Director Willem Kieft objected to the landing of the Swedes, but Minuit ignored him, since he knew that the Dutch were militarily impotent at the moment. Minuit finished Fort Christina during 1638, then departed for Stockholm for a second group. He made a side trip to the Caribbean to pick up a shipment of tobacco for resale in Europe to make the voyage profitable. Minuit died on this voyage during a hurricane at St. Christopher in the Caribbean.

The official duties of the first governor of New Sweden were carried out by Lieutenant (promoted to Captain) Måns Nilsson Kling, until a new governor was chosen and brought from Sweden two years later.

Under Johan Björnsson Printz, governor from 1643 to 1653, the company expanded along the river from Fort Christina, establishing Fort Nya Elfsborg on the east bank of the Delaware near present-day Salem, New Jersey and Fort Nya Gothenborg on Tinicum Island (to the immediate southwest of today's Philadelphia), where he also built his manor house, The Printzhof. The Swedish colony initially prospered. In 1644, New Sweden supported the Susquehannocks in their victory in a war against the English Province of Maryland. In May 1654, the Dutch Fort Casimir was captured by soldiers from the New Sweden colony led by governor Johan Risingh. Fort Casimir was renamed Fort Trinity (in Swedish, Trefaldigheten).

Soon after Sweden opened the Second Northern War in the Baltic by attacking the Polish-Lithuanian Commonwealth, the Dutch moved to take advantage and an armed squadron of ships under the direction of Director-General Peter Stuyvesant seized New Sweden. The Dutch moved an army to the Delaware River in the summer of 1655, easily capturing Fort Trinity and Fort Christina. The Swedish settlement was incorporated into Dutch New Netherland on September 15, 1655. Initially, the Swedish and Finnish settlers continued to enjoy local autonomy, retaining their own militia, religion, court, and lands.

This status lasted officially until the English conquest of the New Netherland colony was launched on June 24, 1664. The Duke of York sold the area that is today New Jersey to John Berkeley and George Carteret for a proprietary colony, separate from the projected New York. The actual invasion started on August 29, 1664, with the capture of New Amsterdam. The invasion concluded with the capture of Fort Casimir (New Castle, Delaware) in October 1664. The invasion was conducted at the start of the Second Anglo-Dutch War.

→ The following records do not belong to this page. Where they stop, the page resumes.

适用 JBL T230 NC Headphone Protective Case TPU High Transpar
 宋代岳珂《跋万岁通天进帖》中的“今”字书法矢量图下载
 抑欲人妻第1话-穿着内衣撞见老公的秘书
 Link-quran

The status continued unofficially until the area was included in William Penn's charter for Pennsylvania, on August 24, 1682. During this later period some immigration and expansion continued. The first settlement at Wicaco, a Swedish settlers' log blockhouse located below Society Hill, was built in present-day Philadelphia in 1669. It was later used as a church until about 1700, when Gloria Dei (Old Swedes') Church of Philadelphia was built on the site.